How to cite this article: Rosas-Peralta M, Medina-Concebida LE, Borrayo-Sánchez G, Madrid-Miller A, Ramírez-Arias E, Pérez-Rodríguez G. Hipertensión arterial sistémica en el niño y adolescente. Rev Med Inst Mex Seg Soc 2016;54 Supl 1:s52-66.

PubMed: http://www.ncbi.nlm.nih.gov/pubmed/27284843


REVIEW ARTICLES


Received: 15/10/2015

Accepted: 23/11/2015


Systemic arterial hypertension in child and adolescent

Martín Rosas-Peralta,a Luz Elena Medina-Concebida,b Gabriela Borrayo-Sánchez,c Alejandra Madrid-Miller,d Erick Ramírez-Arias,e Gilberto Pérez-Rodríguezf

aDivisión de Investigación en Salud

bServicio de Cardiología Pediátrica

cDirección Médica

dServicio de Terapia Posquirúrgica

eServicio de Urgencias

fDirección General


Hospital de Cardiología, Centro Médico Nacional Siglo XXI, Instituto Mexicano del Seguro Social, Ciudad de México, México

Communication with: Martín Rosas-Peralta

Email: mrosas_peralta@hotmail.com

The epidemic of childhood obesity, the risk of developing left ventricular hypertrophy, and evidence of the early development of atherosclerosis in children would make the detection of and intervention in childhood hypertension important to reduce long-term health risks; however, supporting data are lacking. Secondary hypertension is more common in preadolescent children, with most cases caused by renal disease. Primary or essential hypertension is more common in adolescents and has multiple risk factors, including obesity and a family history of hypertension. Evaluation involves a through history and physical examination, laboratory tests, and specialized studies. Management is multifaceted. Nonpharmacologic treatments include weight reduction, exercise, and dietary modifications. Although the evidence of first line therapy for hypertension is still controversial, the recommendations for pharmacologic treatment are based on symptomatic hypertension, evidence of end-organ damage, stage 2 of hypertension, or stage 1 of hypertension unresponsive to lifestyle modifications, and hypertension with diabetes mellitus where is the search for microalbuminuria justified.
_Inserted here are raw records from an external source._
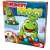 Hungry Frogs board game box, Noris brand, featuring colorful frogs and balls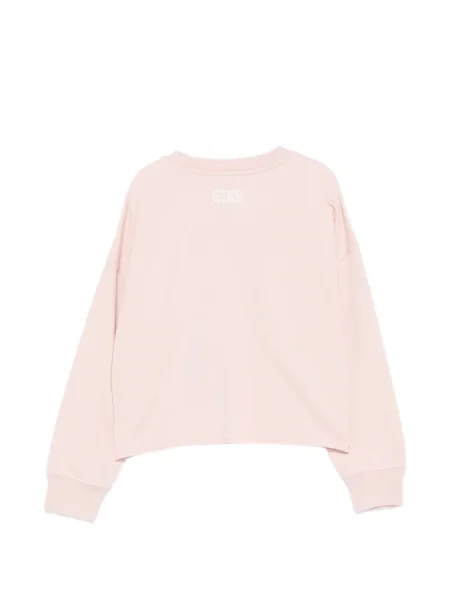 Bluza dziecięca Golden Goose różowa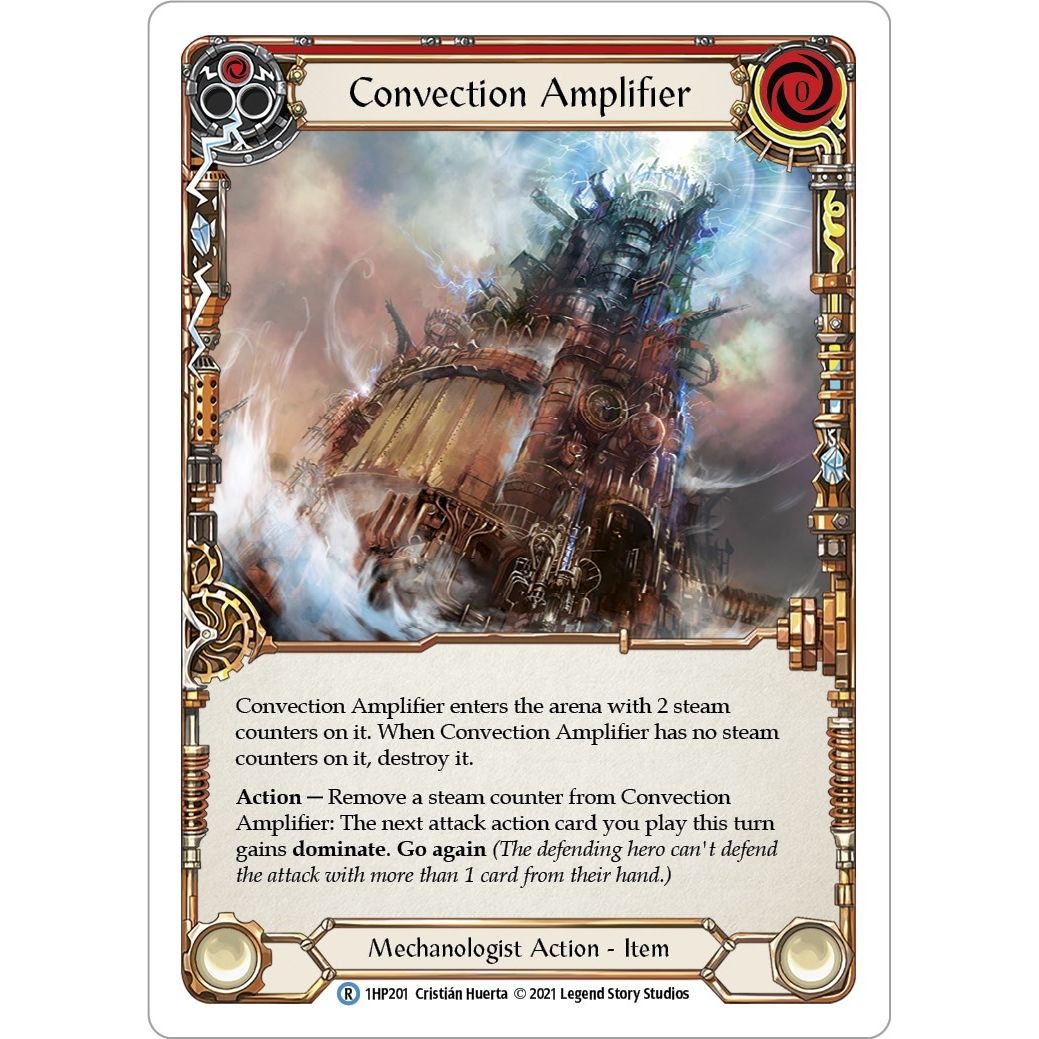 Image for Convection Amplifier (1HP201) (1HP) - Flesh and Blood TCG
Key words: Hypertension; Child;Adolescent; Obesity; Treatment


The European Society of Hypertension recently published its recommendations on the prevention, diagnosis, and treatment of hypertension in children and adolescents. Taking this contribution as a starting point, the Hypertension Study Group at the Hospital de Cardiología del Centro Médico Nacional Siglo XXI has done a reassessment of the recent literature on this topic. This review is not intended to be an exhaustive description of hypertension in the pediatric population, but is meant to provide pediatricians with practical and up-to-date indications in order to guide them in this often unappreciated problem. 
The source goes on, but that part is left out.